Nei tribunali si discute. A lungo, a volte all’infinito.
Si ascoltano tesi opposte, si sollevano eccezioni, si contestano fatti, intenzioni, circostanze.
A chi guarda da fuori, tutto questo può apparire cavilloso, ripetitivo, perfino inutile.
Ma Socrate — nel suo celebre dialogo con Eutifrone — ci invita a guardare più a fondo.

“Non è sul principio che si litiga — che l’ingiustizia debba essere punita è cosa ovvia —
ma su chi abbia commesso l’ingiustizia, su cosa abbia fatto, e quando.”

Il punto, allora, non è l’esistenza della giustizia, ma la sua concreta applicazione:
Chi ha agito? Perché l’ha fatto? In quale contesto? Con quale consapevolezza?
E, soprattutto: quale pena è davvero giusta?

Il processo non è teatro della parola vana, ma spazio della parola necessaria.
La discussione non è artificio, ma strumento:
per distinguere l’apparenza dalla realtà,
per separare la colpa dall’errore,
per costruire una risposta che sia equa, non solo conforme alla norma.

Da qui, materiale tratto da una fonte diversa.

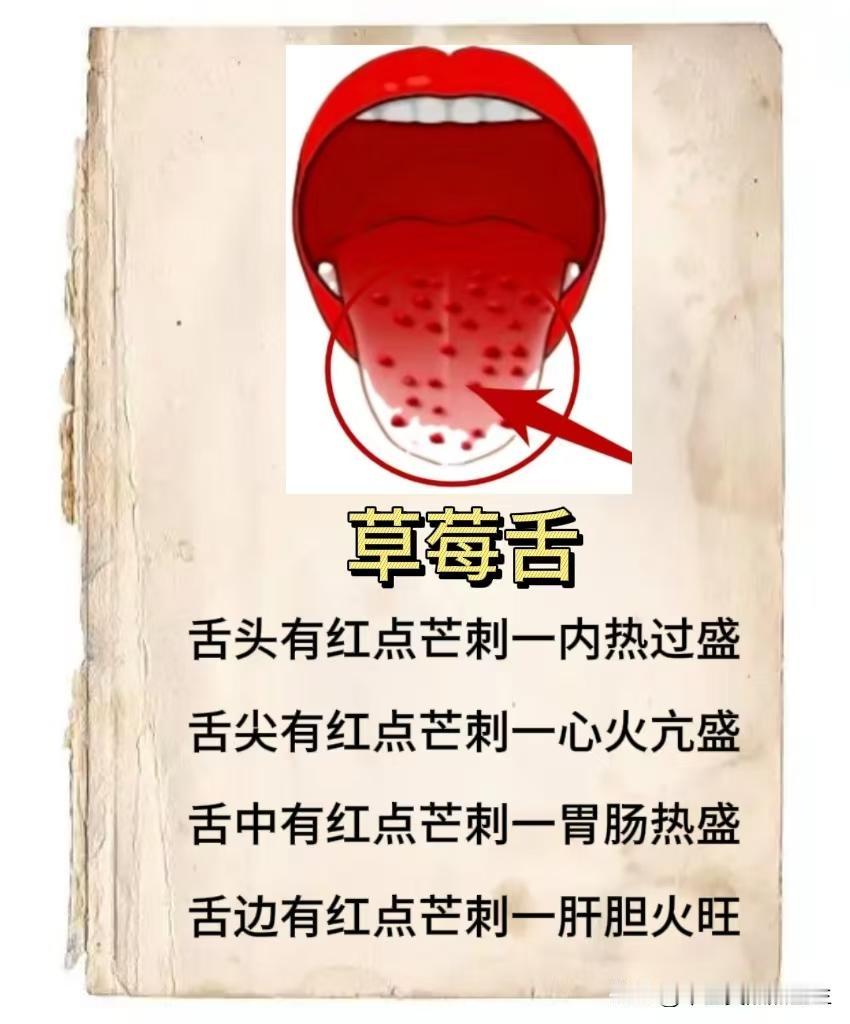 舌头就像身体的一面镜子，透过它，能看出五脏六腑的健康状况，草莓舌、裂纹舌、齿痕舌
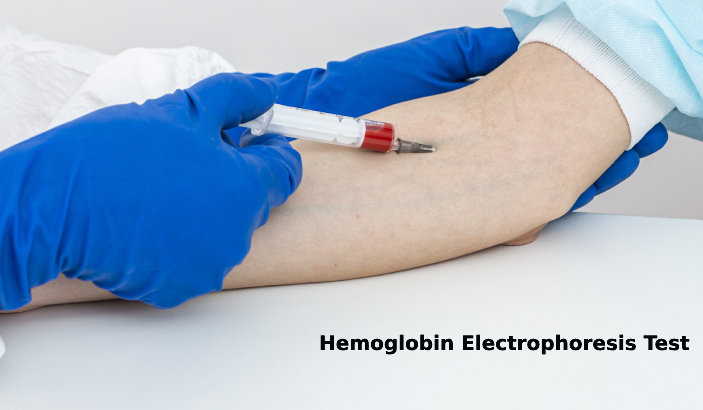 Hemoglobin Electrophoresis Test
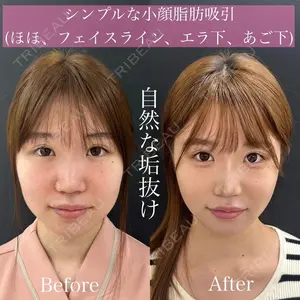 ルラ美容クリニック 渋谷本院 昼間 路子医師の症例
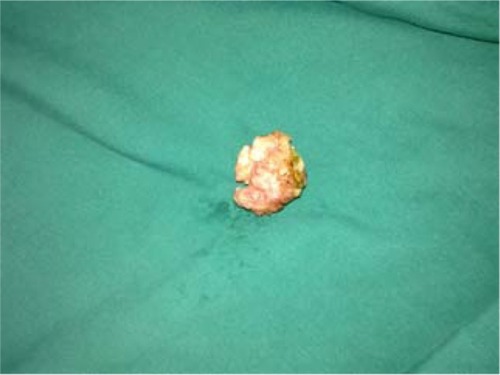 Figure 1 Surgical specimen of paraganglioma of vagina.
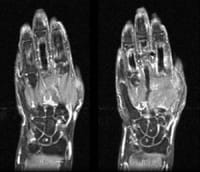 Resonancia magnética de la mano I, secuencias ponderadas T2 en cortes coronales tras saturación de la señal de grasa.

Dietro ogni causa c’è un nodo da sciogliere.
E ogni nodo richiede tempo, ascolto, confronto.

Socrate, ancora una volta, ci ricorda che la giustizia non si applica meccanicamente,
ma si pensa, si discute, si argomenta.
Perché non è mai la giustizia in astratto a essere in gioco,
ma la sorte concreta di un uomo, di un’azione, di una vita.